PATIENTS AND METHODS: We retrospectively collected all patients with typical Lenke type 2 AIS who received surgery by one spine surgeon in our hospital from 2010 to 2014. Lateral shoulder balance was assessed utilizing radiographic shoulder height difference (RSH), coracoid height difference (CHD), clavicle-rib intersection difference (CRID), and clavicle angle (CA). Medial shoulder balance was assessed by T1 tilt angle and first rib angle (FRA). Lateral shoulders were considered to be level if the absolute value of RSH was less than 10 millimeters. All patients were divided into two groups as follows: 1) T2 group: UIV of T2 (n=49); and 2) below-T2 group: UIV of T3 (n=24) or T4 (n=6). Patients were assessed before surgery and at final follow-up with a minimum follow-up duration of 24 months.

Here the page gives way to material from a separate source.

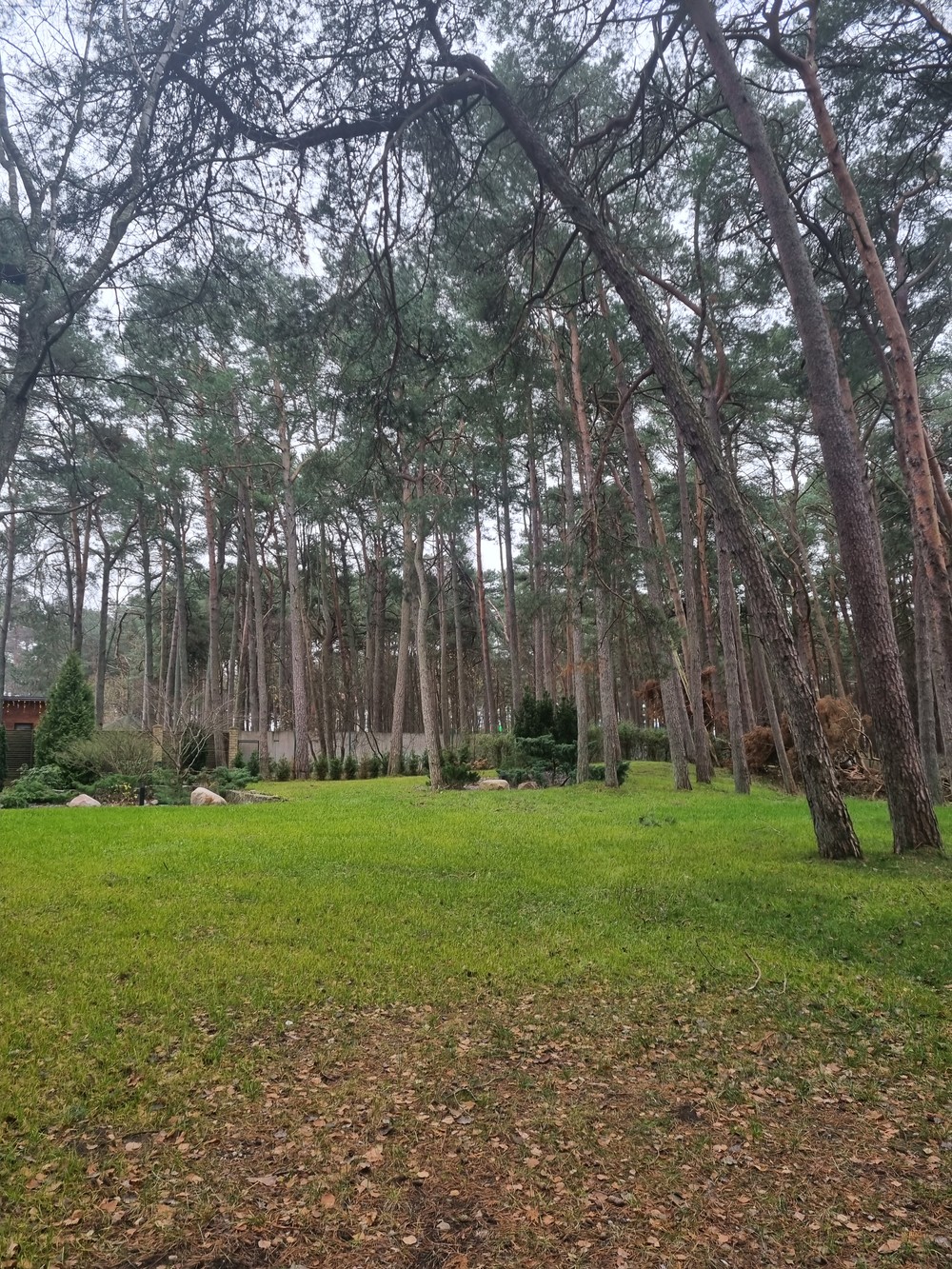 Три в одном: Куршская коса, Зеленоградск и замок Нессельбек — фото 9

RESULTS: Seventy-nine typical Lenke type 2 AIS patients were identified. Preoperative CHD and CA were significantly associated with postoperative lateral shoulder imbalance (both p=0.045), whereas the UIV level was not significantly associated with it. Both fusing to T2 and to below T2 could improve RSH (p<0.001 and p=0.001, respectively). Fusing to T2 slightly worsened CHD, CRID, and CA at last follow-up (all p<0.001), while fusing to below T2 improved these lateral shoulder balance parameters (p=0.042, p<0.001, and p=0.007, respectively). For medial shoulder balance, fusing to below T2 worsened T1 tilt angle and FRA at last follow-up (p=0.025 and p<0.001, respectively), while fusing to T2 effectively kept these medial shoulder parameters in balance. In addition, for patients with an elevated left border of T1, the T2 group had worse preoperative T1 tilt angle but gained better postoperative T1 tilt angle than the below-T2 group (p<0.001 and p=0.040, respectively).

CONCLUSION: Preoperative lateral shoulder balance, more so than the UIV level, can strongly influence postoperative lateral shoulder balance. Fusing to T2 can only effectively improve medial shoulder balance, not lateral shoulder balance (CHD, CRID, and CA). Moreover, a positive T1 tilt angle is an indicator for fusing to T2 to improve medial shoulder balance.